Uma das acusadas tinha 17 anos à época dos eventos e também deveria ser julgada hoje, mas seu processo foi adiado para 2 de novembro. Os demais 12 camponeses são acusados de invasão de propriedade privada e associação criminosa. Destes, nove também respondem por tentativa de homicídio.
Agência Efe
Único dos réus em regime fechado, Rúben Villalba ao chegar para o julgamento nesta segunda-feira (27/07)
Ao início do julgamento na manhã desta segunda, Rúben Villalba, único dos camponeses que está em regime fechado, disse que “no Paraguai não há justiça, por isso estamos aqui na prisão.

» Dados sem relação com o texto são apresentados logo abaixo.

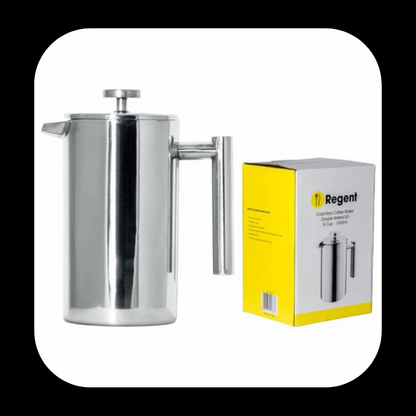 Stainless Steel Plunger (Regent) - Heavenly Coffees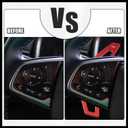 Steering Wheel Shift Paddle Shifter Extension Trim Cover Fit for Toyota Camry Corolla - Pack of 2 Red Durable Material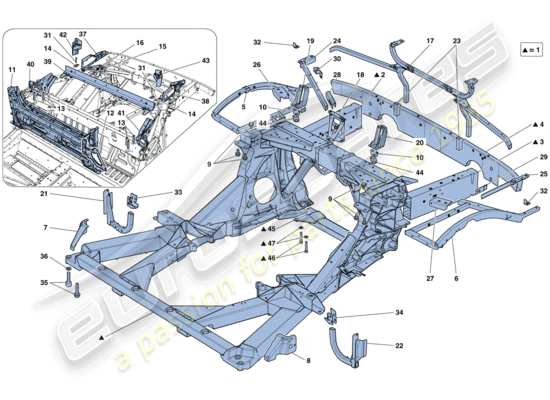 a part diagram from the Ferrari 488 parts catalogue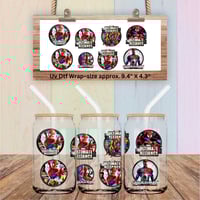 Spiderman Double Sided Uv Dtf Cup Wrap W0692
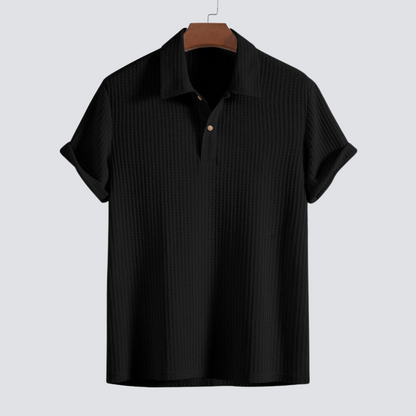 Kenzaclub™ - Polo en Maille Nid d'Abeille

Nós não ocupamos terras do Estado”.
Após a declaração, ele e outros dez réus, quando perguntados pelo tribunal, disseram não ter confiança na defesa exercida pelos advogados particulares Guillermo Ferreiro e Vicente Morales e por isso renunciaram à representação.
Defesa
Em 2012, ambos os advogados foram acusados na Corte Suprema de Justiça de “abuso do exercício de defesa, má fé e incidentes dilatórios”. Por outro lado, pelo trabalho exercido, eles corriam o risco de perder o direito de exercer a profissão. A decisão sobre o caso seria resolvida durante o julgamento dos camponeses. Dependendo do resultado, a sanção seria aplicada, o que poderia chegar, inclusive, ao cancelamento do registro profissional.
Ao deixar a sala, eles disseram que “não esperavam” o pedido de renúncia dos acusados e que essa postura “obedece a uma estratégia” dos próprios camponeses.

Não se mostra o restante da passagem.